Millions Facing Acute Food Insecurity In Afghanistan As Winter Looms, UN Warns

Geneva : More than 17 million people in Afghanistan will face crisis-level hunger in the coming winter months, the leading international authority on hunger crises and the UN food aid agency warned on Tuesday.
The number at risk is nearly 3 million more than a year ago.
Economic hardship, recurring droughts, dwindling international aid and an influx of Afghans returning home from countries such as neighboring Iran and Pakistan have strained resources and increased pressures on food security, according to the Integrated Food Security Phase Classification, known as the IPC, which tracks hunger crises.
“What the IPC tells us is that more than 17 million people in Afghanistan face acute food insecurity.
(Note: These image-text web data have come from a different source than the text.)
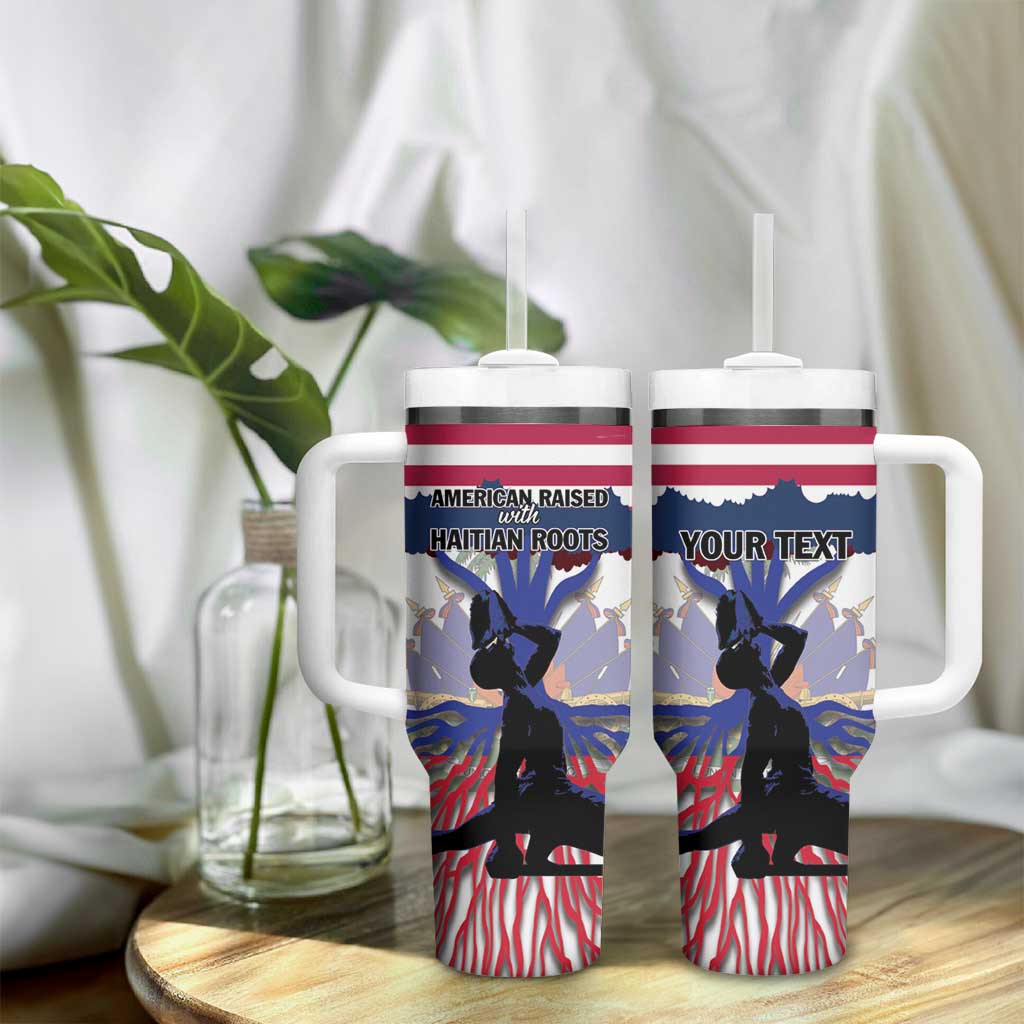 Afro Haiti Heritage Month 2025 Tumbler With Handle American Raised With Haitian Roots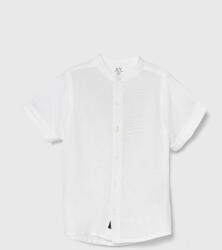 Zippy cămașă din amestec de in pentru copii culoarea alb PPYH-KDB05L_00X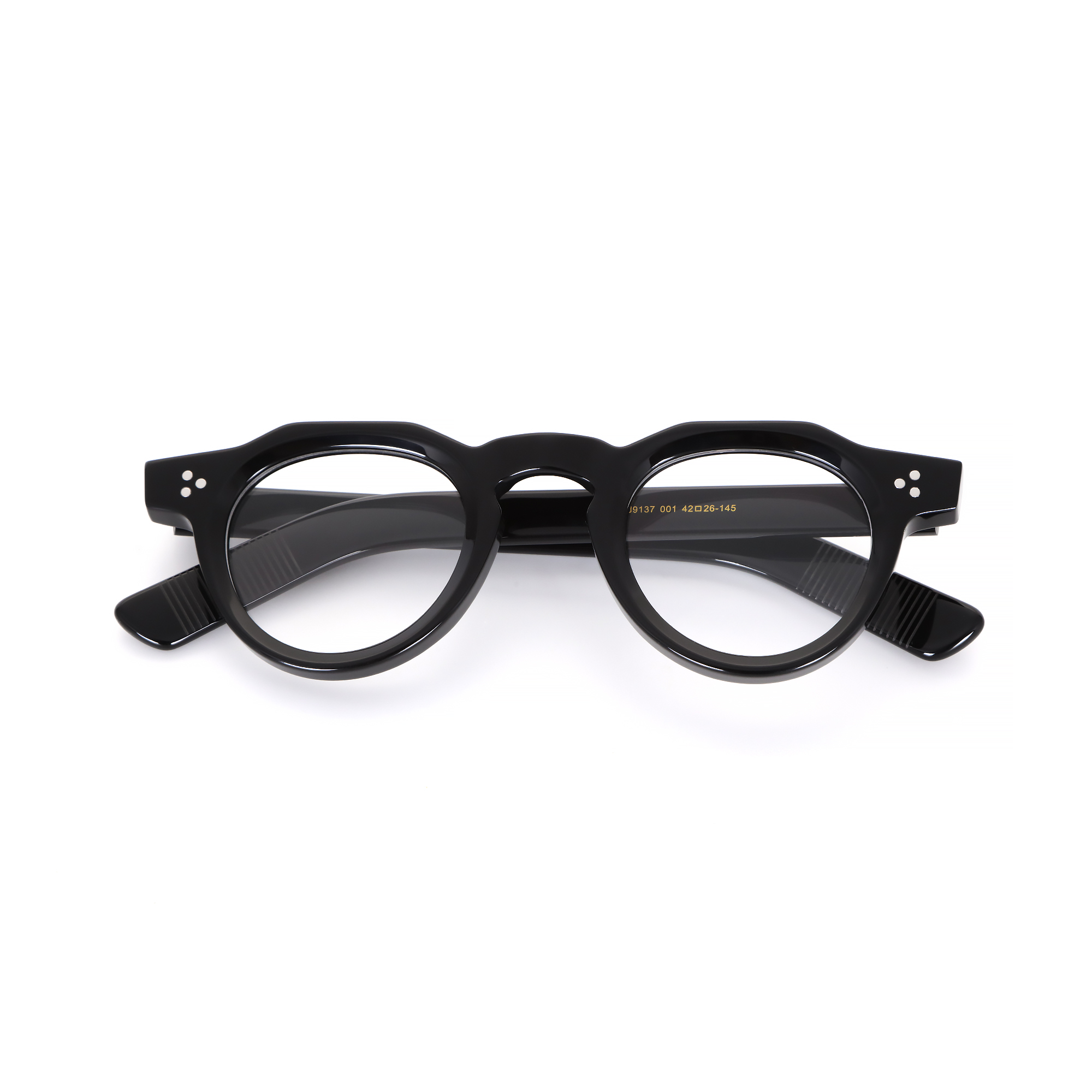 Yintai Handcrafted Acetate Optical Frame 9137 Small Bold Round with Triple Rivets & Engraved Temples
That’s 3 million more than last year,” Jean-Martin Bauer, director of food security at the UN World Food Programme, told reporters in Geneva.
“There are almost 4 million children in a state of acute malnutrition,” he said in the video from Rome. “Approximately 1 million people are severely acutely malnourished, and these are actually children who need hospital treatment.”
According to the IPC report, food aid in Afghanistan reaches only 2.7 percent of the population; More than 2.5 million people have returned from Iran and Pakistan this year, worsened by the weak economy, high unemployment and reduced remittance flows from abroad.
The report stated that more than 17 million people, more than a third of the population, will face crisis-level food insecurity in the four months to March 2026. Of these, 4.7 million may face immediate food insecurity.
According to IPC’s forecast, an improvement is expected in the spring harvest season, which will start in April.
Last week, the UN warned of a “serious” and “precarious” crisis in Afghanistan as it enters its first winter in years without US foreign aid and virtually no international food distribution.
The situation has worsened due to “overlapping shocks” including recent deadly earthquakes and increasing restrictions on access to humanitarian aid and personnel, U.N. humanitarian chief Tom Fletcher told the Security Council on Wednesday.
While Fletcher said around 22 million Afghans will need UN assistance in 2026, his organization will focus on the 3.9 million Afghans who face the most urgent need for life-saving aid in light of declining donor contributions.